[ExI] Semiotics and Computability

Christopher Luebcke cluebcke at yahoo.com
Thu Feb 18 01:43:17 UTC 2010


It's also worth considering in what way teaching the man to follow all the rules for manipulating symbols is a different activity than teaching him Chinese. It may be different at the start, but I suspect that, if successful, it amounts to the same thing at the end.

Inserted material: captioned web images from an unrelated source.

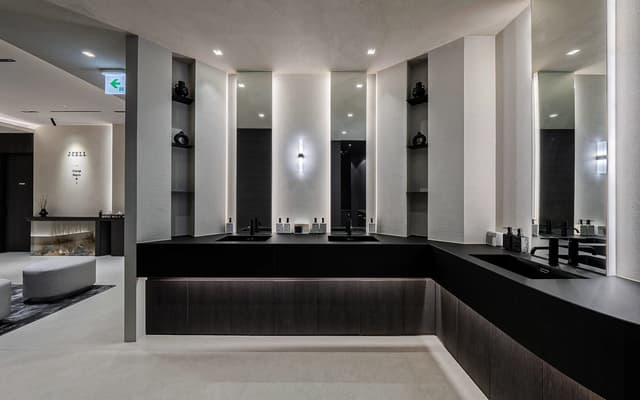 The care preparation space and mirrors inside Jcell Clinic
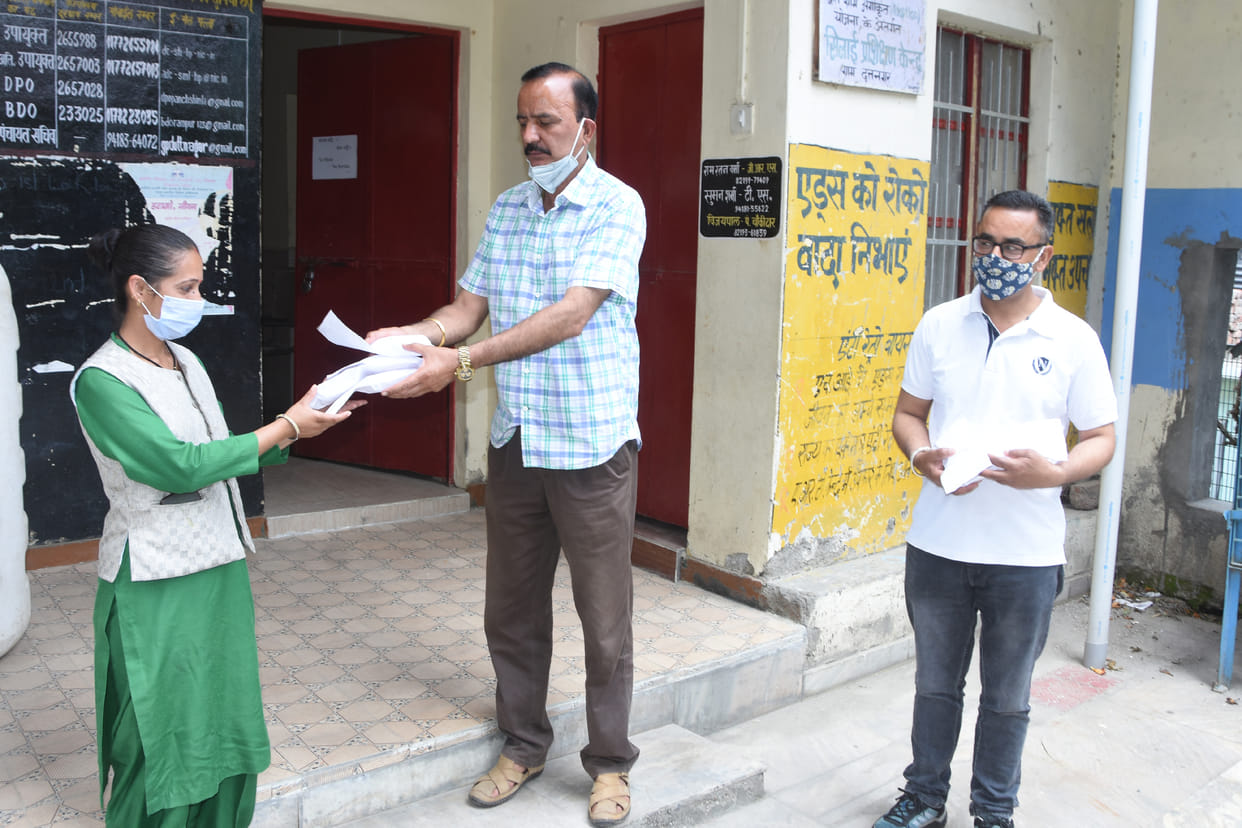 Pulse oximeter distributed to the infected in Dattanagar Panchayat at rampu bushar, Villagers and Panchayat representatives appreciated the campaign of Amar Ujala Foundation, amar ujala, amar ujala foundation, rampur bushar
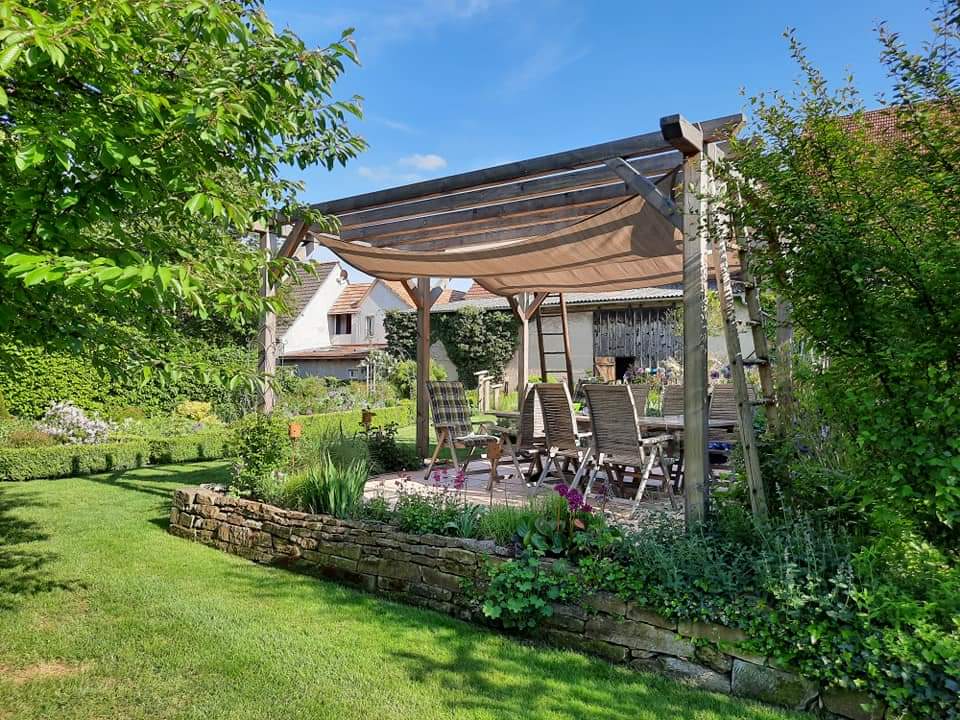 Bau einer Holzpergola mit Trockenmauer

----- Original Message ----
> From: Mike Dougherty <msd001 at gmail.com>
> To: ExI chat list <extropy-chat at lists.extropy.org>
> Sent: Wed, February 17, 2010 5:13:34 PM
> Subject: Re: [ExI] Semiotics and Computability
> 
> On Tue, Feb 16, 2010 at 5:56 AM, Stathis Papaioannou wrote:
> > I have proposed the example of a brain which has enough intelligence
> > to know what the neurons are doing: "neuron no. 15,576,456,757 in the
> > left parietal lobe fires in response to noradrenaline, then breaks
> > down the noradrenaline by means of MAO and COMT", and so on, for every
> > brain event. That would be the equivalent of the man in the CR: there
> > is understanding of the low level events, but no understanding of the
> > high level intelligent behaviour which these events give rise to. Do
> > you see how there might be *two* intelligences here, a high level and
> > a low level one, with neither necessarily being aware of the other?
> 
> I had a thought to add the following twist to CR:  The man in the box
> has no knowledge of the symbols he's manipulating on his first day on
> the job.  Over time, he notices a correlation to certain values in his
> lookup table(s) and the food slot opening and a tray being slid in...
> I understand the man in the room is a metaphor for rules-processing by
> wrote, but what if we take the literal approach that he IS a man -
> even a supremely gifted intellectual who is informed that eventually
> these symbols will reveal the means by which he can escape?  This
> scenario segues to the boxing problem of keeping a recursively
> improving AI constrained by 'friendliness' or some other artificially
> added bounds.  (I understand that FAI is about being inherently
> friendly and remains friendly after infinite recursion)
> 
> So assuming the man in the box has an infinite supply of pen/paper
> with which to keep notes on the relationship of input and output (as
> well as his lookup table for I/O transformations) - does it change the
> thought experiment considerably if there is motivation for escaping
> the room by learning how to manipulate the symbols?